**Provided material**
━━━━
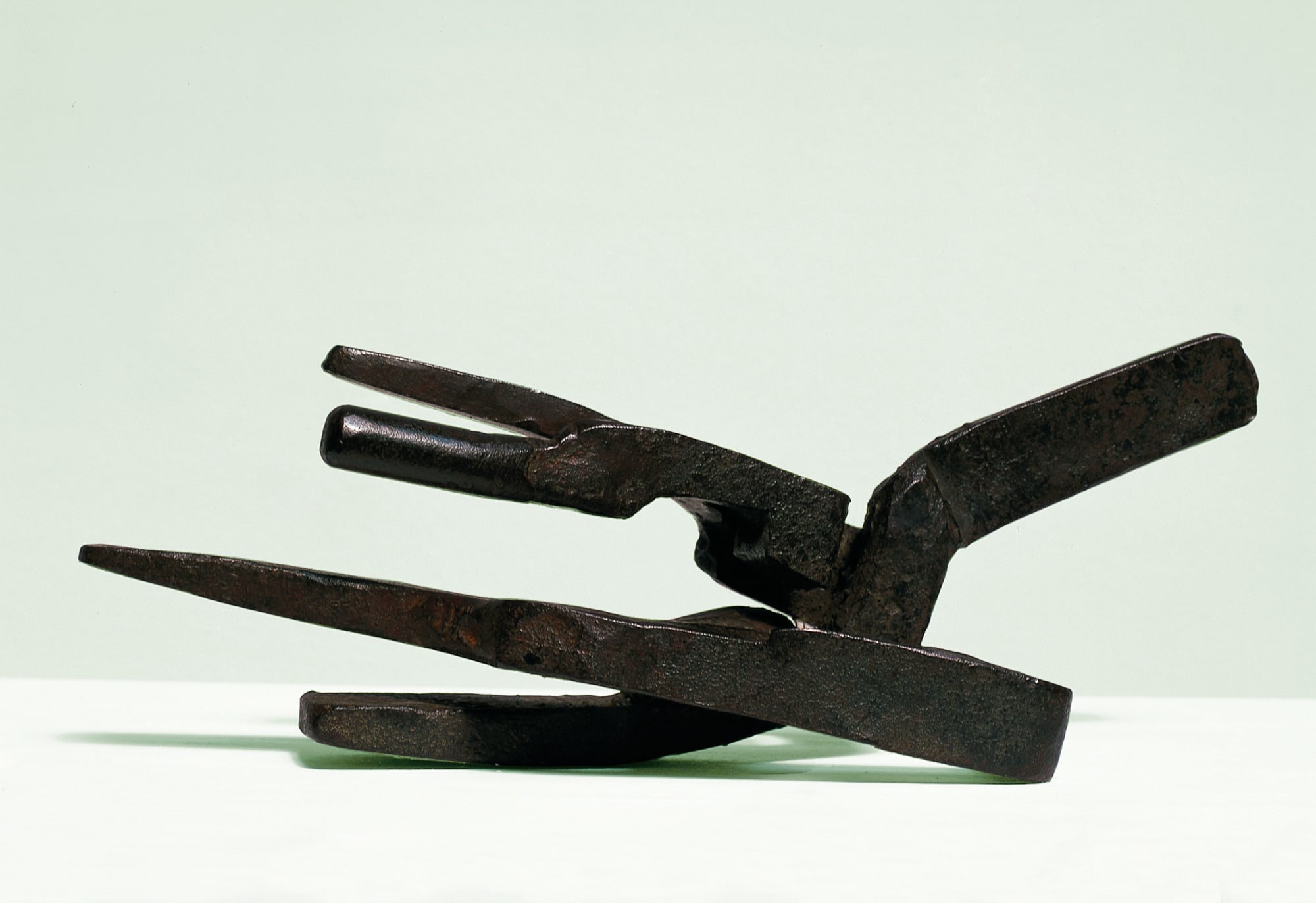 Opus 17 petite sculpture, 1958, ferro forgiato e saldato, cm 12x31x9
━━━━
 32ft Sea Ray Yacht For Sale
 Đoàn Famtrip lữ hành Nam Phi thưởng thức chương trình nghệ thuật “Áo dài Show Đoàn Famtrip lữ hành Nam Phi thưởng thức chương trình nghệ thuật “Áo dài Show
━━━━
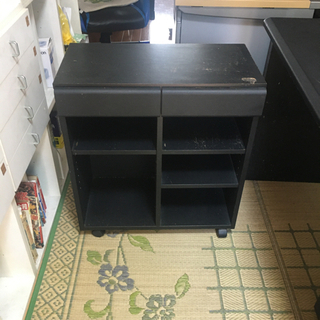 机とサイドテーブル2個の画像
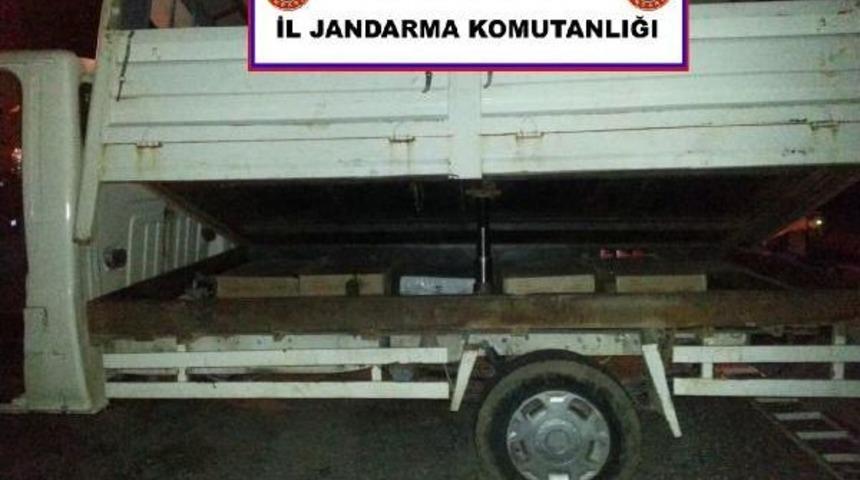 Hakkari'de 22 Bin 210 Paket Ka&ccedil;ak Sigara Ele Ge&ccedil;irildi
━━━━
**Task brief**
Your output should be the lines above from the one that contains "机とサイドテーブル2個の画像" through the one that contains "Hakkari'de 22 Bin", word for word, with pictures left out.

**Completed exercise**
 机とサイドテーブル2個の画像
 Hakkari'de 22 Bin 210 Paket Ka&ccedil;ak Sigara Ele Ge&ccedil;irildi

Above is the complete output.